US Great Plains Ranching Faces Uncertain Future

Brother Placid Gross has cared for the Assumption Abbey cattle herd for 50 years.

Other opportunities lure young Americans away from ranches, farms

There’s a chill in the air as high plains winds beat against the walls of Assumption Abbey. The Benedictine monastery stands like a great stone fortress at the edge of the small town of Richardton, North Dakota.

Inside, sounds of the daily activities of 25 monks - singing, prayer and conversation - fill the air. There are also sounds not usually associated with the Catholic Church.

The monks care for 300 head of cattle, descendants of animals brought here when the monastery was built more than a century ago.

Brother Placid Gross has been the main wrangler for the black Angus herd almost since he arrived at the abbey in 1957.

“The monks came here, started a monastery here in 1899 and they’ve had a farm right from the beginning. It was a way of raising our own food," he says. "In the early days, everybody had beef cattle and dairy cattle. But now, in recent years, we’re selling most of the cows or the calves. We still butcher our own, but we don’t butcher very many. So, it is a source of income for the abbey.”

Selling off

It’s a source of income that’s about to disappear. The monks are preparing to sell their herd at auction, probably in late November.

Abbot Brian Wangler, who’s in charge at the monastery, says it’s strictly a matter of manpower.

“It’s people willing to do the work, knowing how to do the work. It almost requires somebody who was raised on a farm. I mean, you can learn the work, but you’ve really got to have an interest in it. And we just don’t have enough young people who are really interested in that kind of work.”

Not just interested in that kind of work, but such a person would also have to be willing to live the life of a monk, which includes group prayer sessions four times a day.

At 76, Brother Placid finds handling the cattle herd, with just one 40-something fellow monk, a bit taxing.

“The hardest part of the work is the calving time. Very often we get really bad weather. You have to be out there to help bring the calf inside to a warm place. So we get up during the night. We check at least every four hours.”

South Dakota rancher Marv Kammerer lives on the ranch his family first settled in the 1880s.

Rancher shortage

A shortage of young ranchers isn't just a problem for the monks in North Dakota.

“We’ve got the average age of the farmer/rancher in the Upper Great Plains as 58-years old," says cattleman Marv Kammerer, who attended a recent meeting of the Stockgrowers Association in Rapid City, South Dakota. "And that’s dangerous for the economy and the industry.”

Kammerer feels fortunate that five of his seven children followed him into ranching, but says that’s not the norm.

“There’s a lot of things drawing the young people away from the ranches and farms. They’re going for better wages, schools, otherwise a lot of economic factors drive them off these places.”

Lakota rancher Alex Romero-Frederick is concerned about the future of family ranching.

Losing the family business

The number of cattle operations in South Dakota has dropped by more than 13,000 since 1980, according to R-CALF USA, a national stockgrowers association.

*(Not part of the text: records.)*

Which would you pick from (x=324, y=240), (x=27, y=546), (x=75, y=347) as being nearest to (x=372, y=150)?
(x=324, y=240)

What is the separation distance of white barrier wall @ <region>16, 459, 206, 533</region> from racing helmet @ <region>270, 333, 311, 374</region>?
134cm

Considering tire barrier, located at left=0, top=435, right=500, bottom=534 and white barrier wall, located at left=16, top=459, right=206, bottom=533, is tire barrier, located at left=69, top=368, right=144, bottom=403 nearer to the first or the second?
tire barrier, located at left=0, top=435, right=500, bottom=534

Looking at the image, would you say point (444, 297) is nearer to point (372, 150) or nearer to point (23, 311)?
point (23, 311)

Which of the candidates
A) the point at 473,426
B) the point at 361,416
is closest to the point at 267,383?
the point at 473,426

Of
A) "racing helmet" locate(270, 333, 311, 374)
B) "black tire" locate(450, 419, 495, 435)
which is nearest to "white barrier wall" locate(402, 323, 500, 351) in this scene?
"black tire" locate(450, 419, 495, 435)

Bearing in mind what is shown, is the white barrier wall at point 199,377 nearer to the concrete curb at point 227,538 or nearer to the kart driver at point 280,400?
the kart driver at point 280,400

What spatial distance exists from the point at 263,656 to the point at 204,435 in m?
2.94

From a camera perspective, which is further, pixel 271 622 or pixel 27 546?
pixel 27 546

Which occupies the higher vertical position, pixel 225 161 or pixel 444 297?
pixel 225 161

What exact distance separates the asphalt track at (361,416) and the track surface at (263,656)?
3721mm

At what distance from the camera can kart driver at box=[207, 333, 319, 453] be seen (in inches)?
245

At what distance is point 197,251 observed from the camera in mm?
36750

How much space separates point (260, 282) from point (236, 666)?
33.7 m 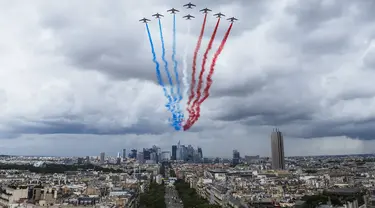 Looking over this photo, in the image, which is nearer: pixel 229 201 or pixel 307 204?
pixel 307 204

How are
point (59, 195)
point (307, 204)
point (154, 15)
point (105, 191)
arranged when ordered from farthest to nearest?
point (105, 191) < point (59, 195) < point (307, 204) < point (154, 15)

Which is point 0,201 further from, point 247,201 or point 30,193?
point 247,201

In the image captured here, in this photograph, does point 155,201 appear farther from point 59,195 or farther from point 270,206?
point 270,206

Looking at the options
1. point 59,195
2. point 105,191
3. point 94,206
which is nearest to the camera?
point 94,206

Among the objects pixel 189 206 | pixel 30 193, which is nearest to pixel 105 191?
pixel 189 206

Nationwide, more than 147,000 cattle operations have gone out of business in the past 15 years.

Alex Romero-Frederick, who runs a small ranch on the Rosebud Sioux Reservation with her husband, feels the squeeze.

“We’re losing the family ranching business," she says. "The next generation takes over after the other generation retires and I’m not seeing that anymore. And it’s kind of scary. I mean, are my kids going to do it? Did I instill in them the right stuff to want to take over after I’m gone?”

Whether at a North Dakota abbey or on ranches in South Dakota, Kammerer believes the gifts of raising cattle - providing food and caring for the land - should be relished. He hopes they’re gifts the next generation will choose to accept.